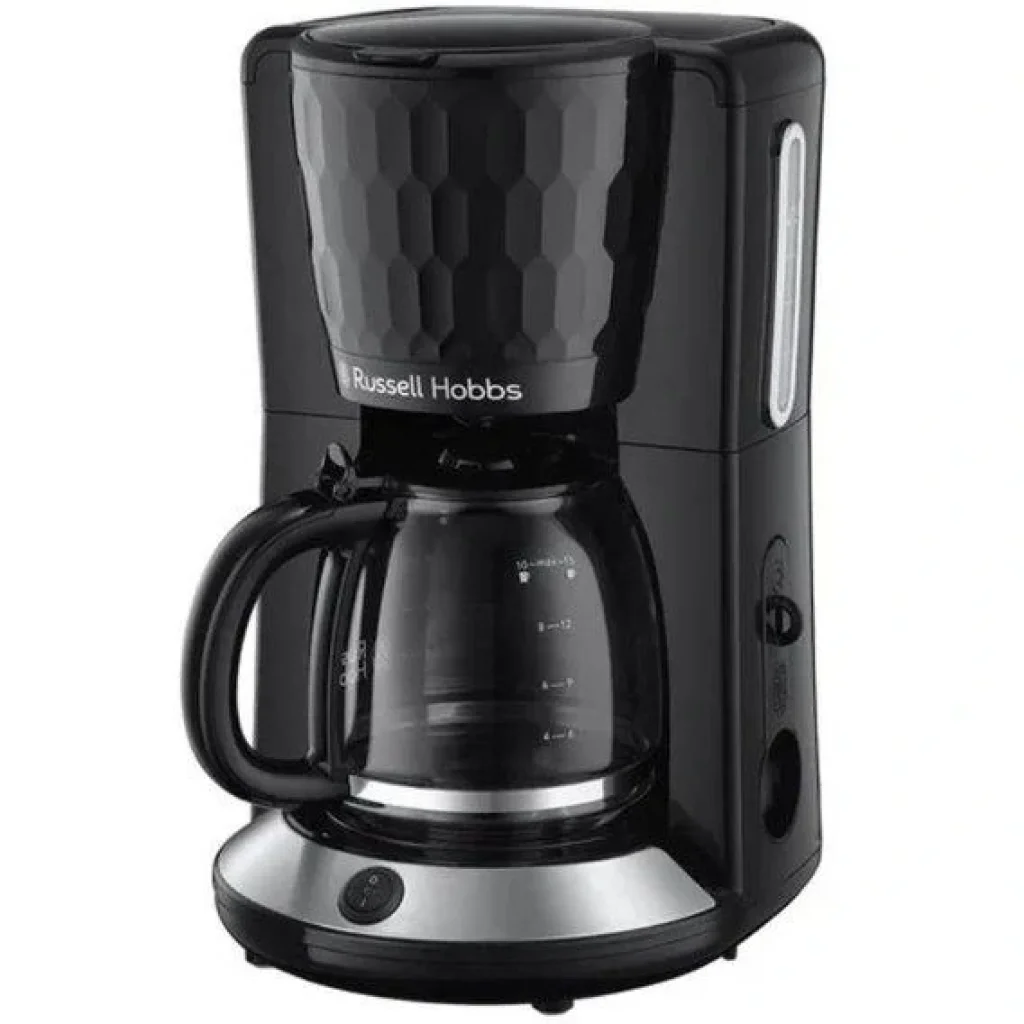 Кавоварка Russell Hobbs крапельна Honeycomb, 1,25л, мелена, чорний, 27011-56 UA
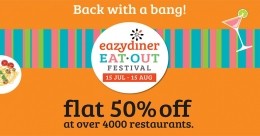 EazyDiner to roll out EatOut festival campaign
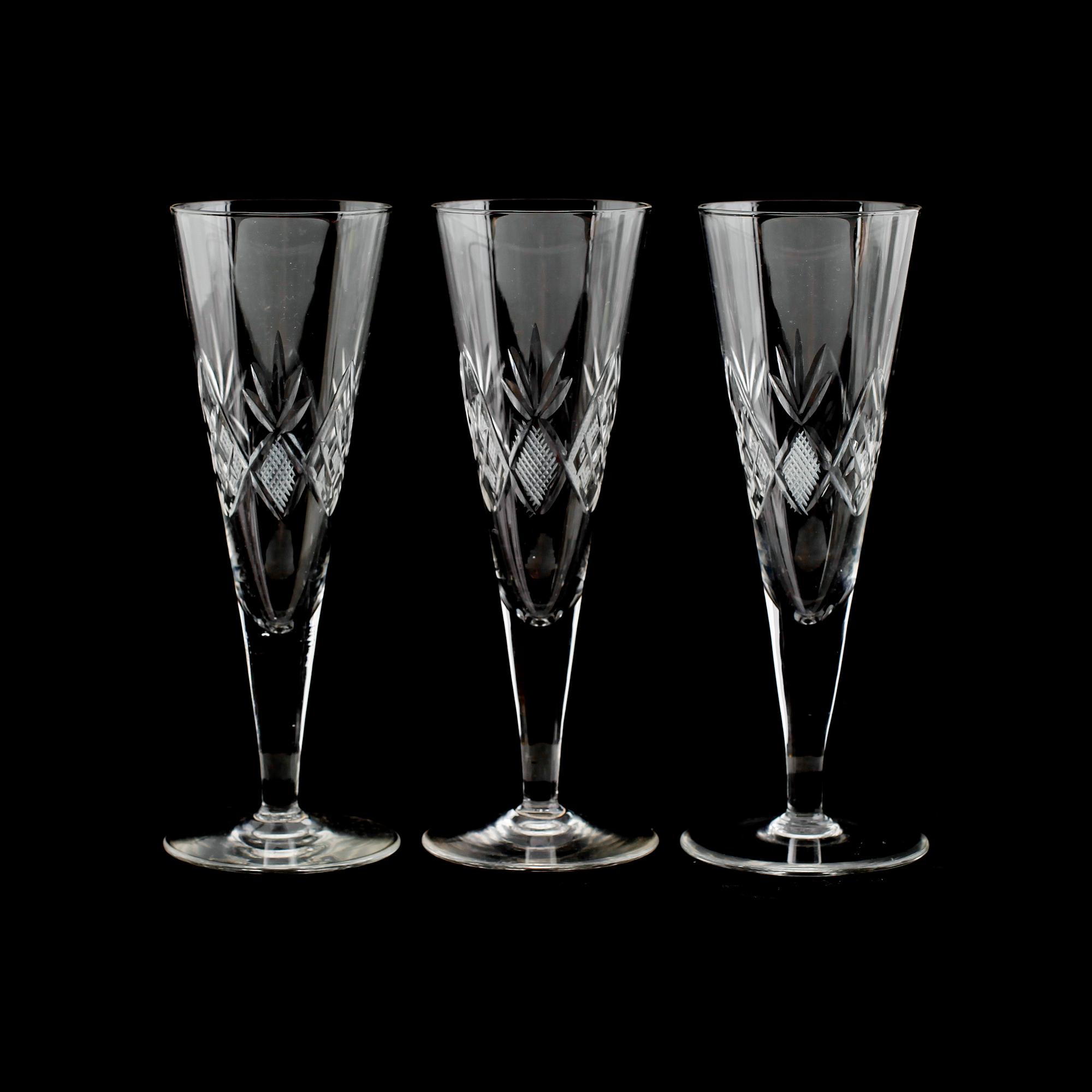 CHAMPAGNESTRUTAR, 10 st, glas, 1900-talets första hälft.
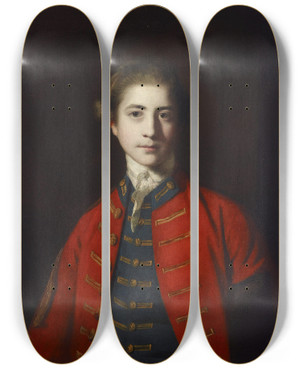 Triptych art skateboard deck of Sir Joshua Reynolds Stephen Croft Junior by Sir Joshua Reynolds (1723-1792)
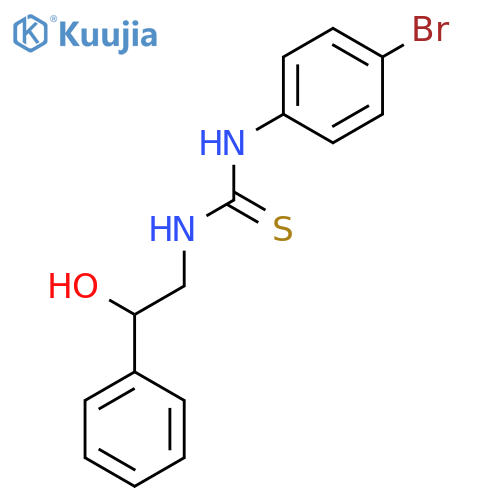 Thiourea, N-(4-bromophenyl)-N'-(2-hydroxy-2-phenylethyl)- structure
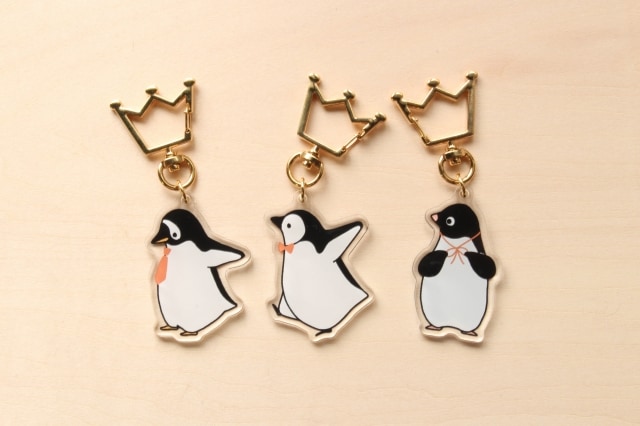 ペンギン賞品③ おでかけペンギンアクリルストラップ （3種） | サンシャイン水族館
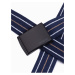 Tmavě modrý pánský pruhovaný pásek Ombre Clothing
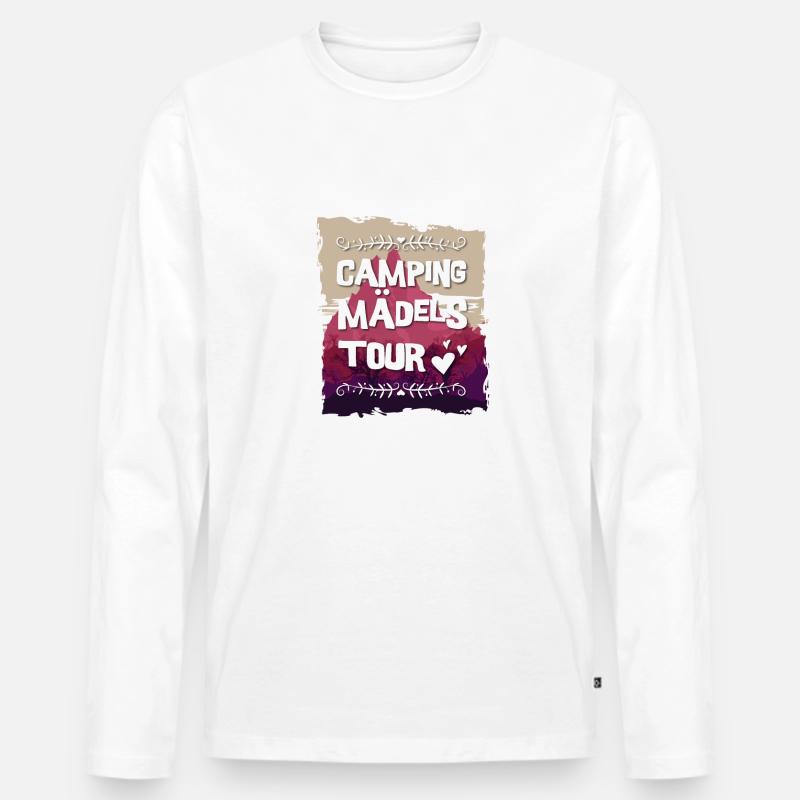 Camping Mädels Tour - Männer Premium Bio Langarmshirt - undefined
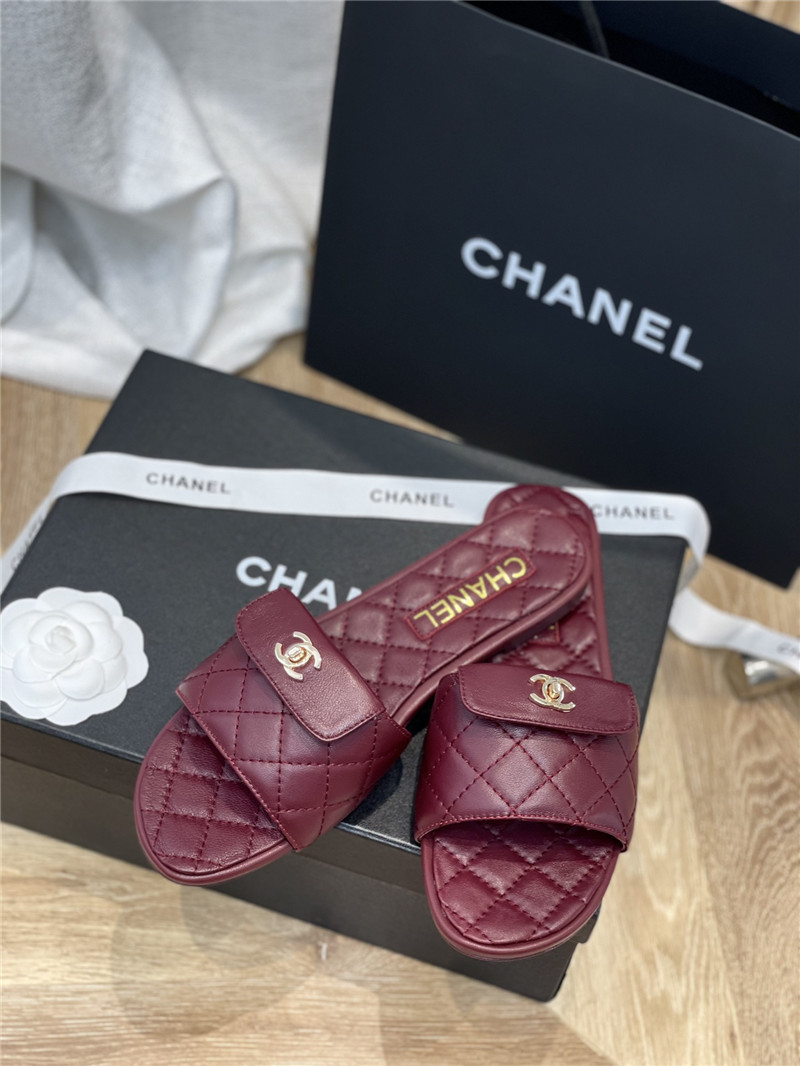 Best Replica chanel classic flat slippers - Colareps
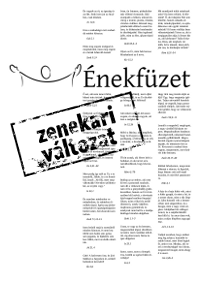 Énekfüzet zenekari változat
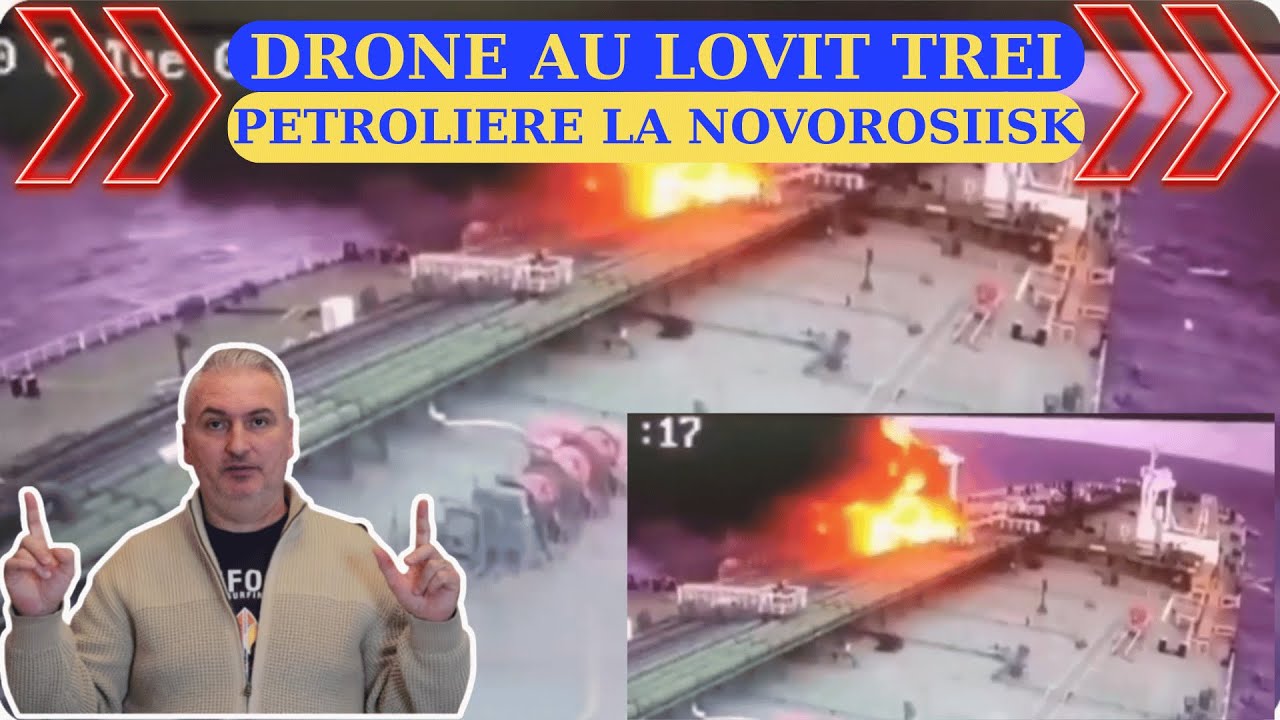 Dronele AFU au lovit trei petroliere în centrul Mării Negre din Novorossiisk
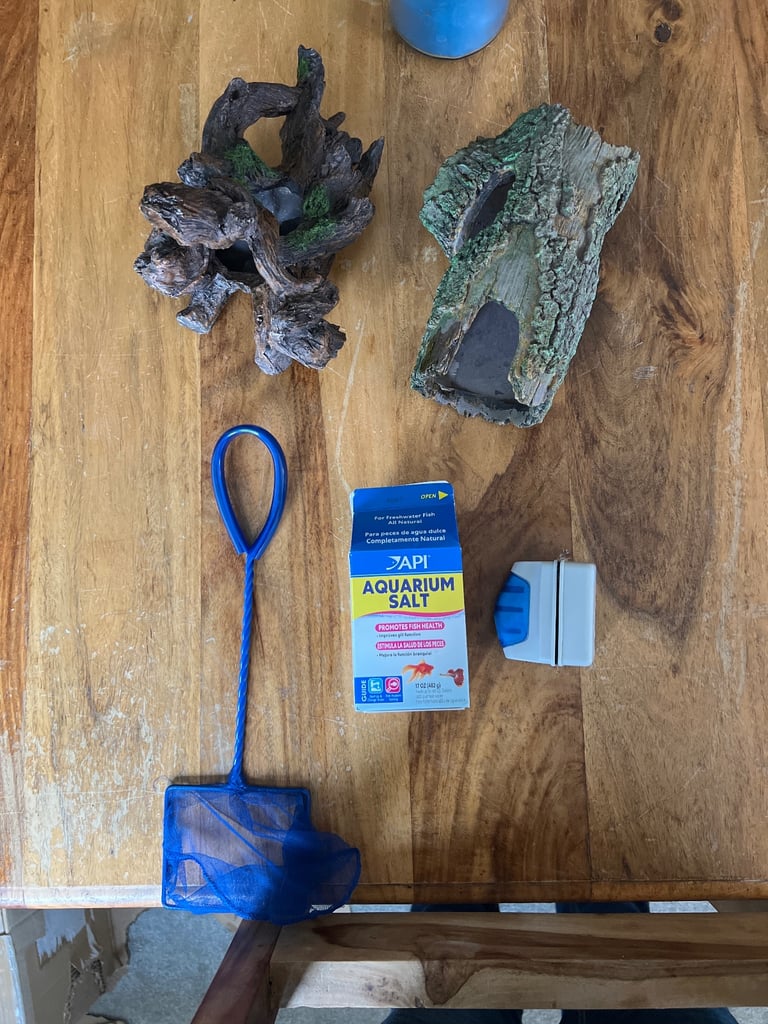 image for Fish tank Aquarium accessories stones ornaments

____________

## What is being asked
Only the lines from the one containing "CHAMPAGNESTRUTAR, 10 st, glas, 1900-talets" through the end of the listing should be output, word for word and inclusive; keep pictures out.

## Answer to the problem
 CHAMPAGNESTRUTAR, 10 st, glas, 1900-talets första hälft.
 Triptych art skateboard deck of Sir Joshua Reynolds Stephen Croft Junior by Sir Joshua Reynolds (1723-1792)
 Thiourea, N-(4-bromophenyl)-N'-(2-hydroxy-2-phenylethyl)- structure
 ペンギン賞品③ おでかけペンギンアクリルストラップ （3種） | サンシャイン水族館
 Tmavě modrý pánský pruhovaný pásek Ombre Clothing
 Camping Mädels Tour - Männer Premium Bio Langarmshirt - undefined
 Best Replica chanel classic flat slippers - Colareps
 Énekfüzet zenekari változat
 Dronele AFU au lovit trei petroliere în centrul Mării Negre din Novorossiisk
 image for Fish tank Aquarium accessories stones ornaments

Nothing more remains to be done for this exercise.